Presidential Elections in Colombia: A Two-Round System

Written on 05/28/2026
Josep Freixes

For more than three decades, Colombia’s presidential election system has been based on a two-round voting system, which is common in Latin America. Credit: Josep Maria Freixes / ColombiaOne.

Colombia will elect its president in 2026 under an electoral system that requires candidates to win more than half of the vote in order to avoid a runoff. In a fragmented political landscape with several competitive candidacies, all signs point to Colombians returning to the polls on June 21 to decide who will occupy the Casa de Nariño — the presidential palace — for the next four years.

Polls show that none of the candidates currently holds a sufficient lead to win in the first round, despite calls from the campaigns of leftist Ivan Cepeda and conservative populist Abelardo De la Espriella to secure victory in next Sunday’s initial vote.

The possibility of a runoff once again puts the spotlight on a mechanism Colombia has used for more than three decades and that transformed the way presidential power is contested.
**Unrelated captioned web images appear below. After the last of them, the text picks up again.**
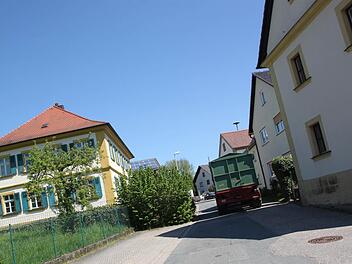 Die Ortsdurchfahrt von Altenbanz wird auf einer Länge von rund 400 Metern ausgebaut. Hier, am Pfarrhaus, entsteht bewusst eine etwa neun Meter lange Engstelle, die bautechnisch gestaltet wird und den Verkehr entschleunigen soll. Foto: Matthias Einwag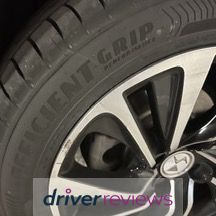 Image #3; Goodyear EfficientGrip Performance, 215/55 R17 V; DS DS 4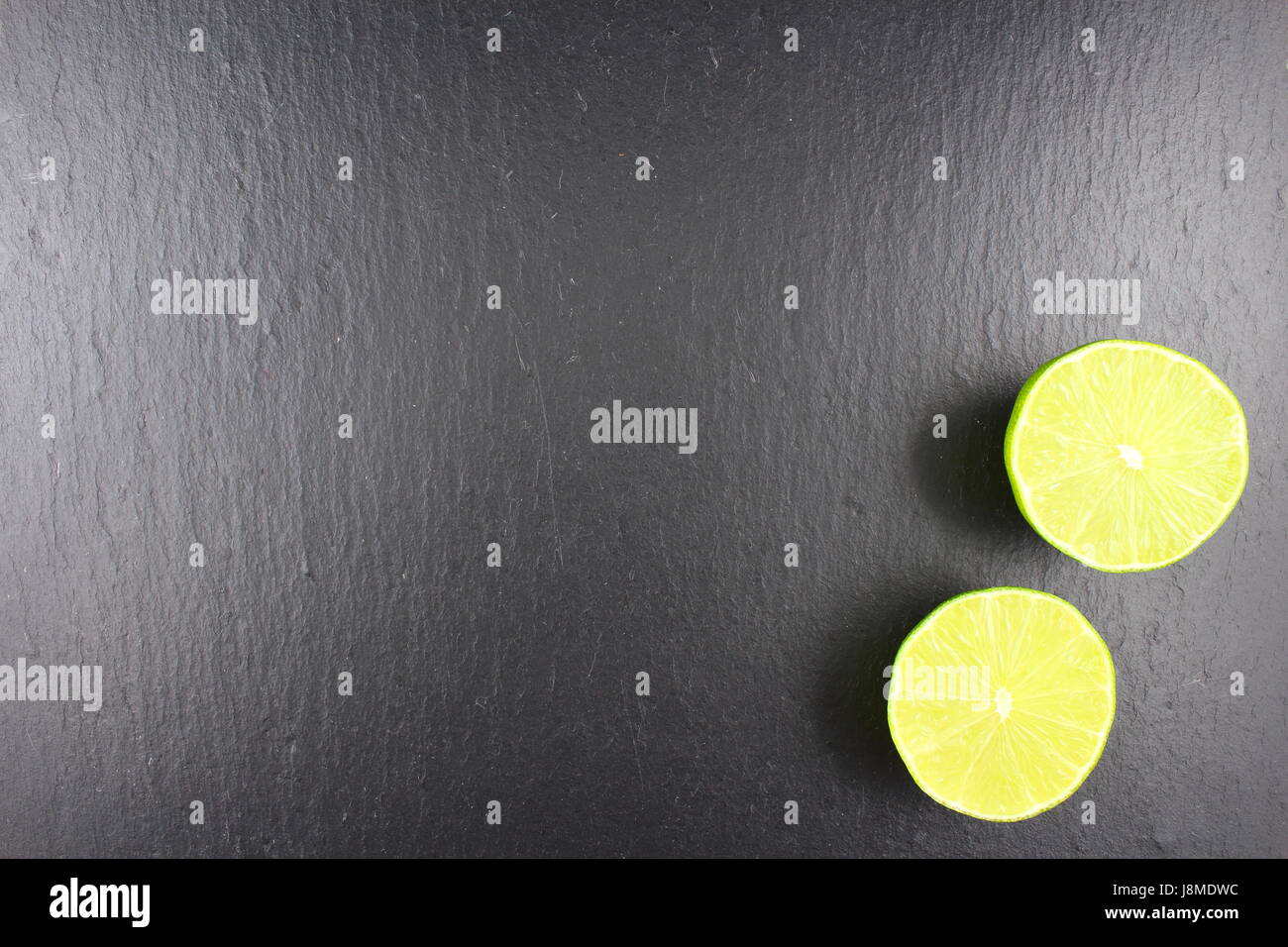 frische Limette Obst auf einem Schiefer Teller als eine Hintergrundtextur Essen Stockfoto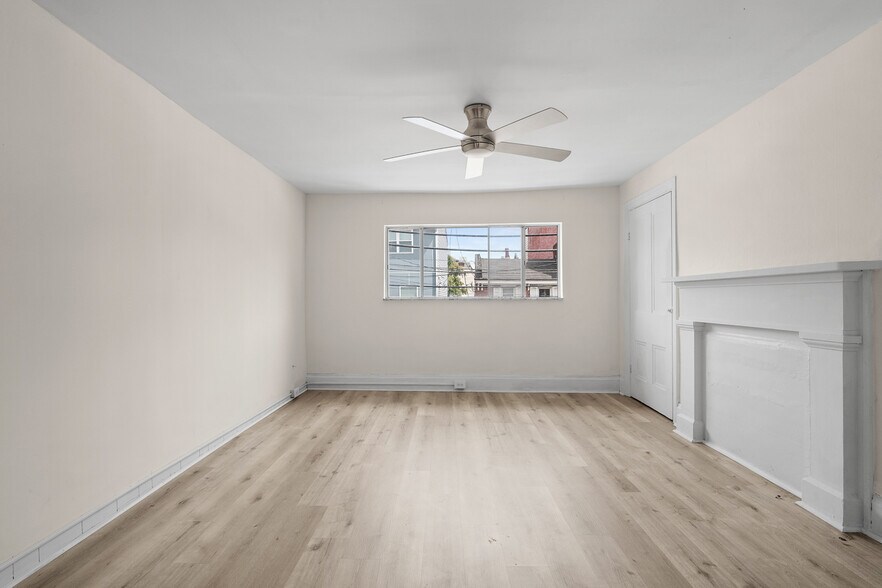 Building Photo - 138 S 17th St
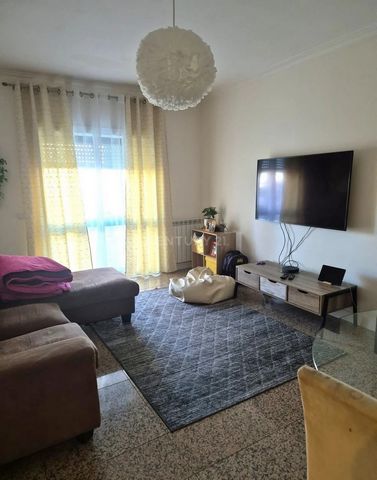 Apartment on a 3rd floor in Viseu, facing west and lots of natural light, in a building with reference construction, services and commerce in the vicinity. The entrance hall is large and welcomes us with granite floors, walls, doors and skirting boar...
The system was designed to ensure that the president takes office with broad support rather than merely a relative majority in divided elections.

Even so, there have been historic exceptions, such as Alvaro Uribe’s first-round victories, a precedent some candidates are trying to replicate in the current campaign.

Presidential elections in Colombia: A two-round system

Colombia’s presidential runoff system was officially introduced with the 1991 Constitution. Since then, to win the presidency in the first round, a candidate must obtain more than 50 percent of the valid votes cast. If no contender reaches that threshold, the two most-voted candidates advance to a second electoral round held weeks later.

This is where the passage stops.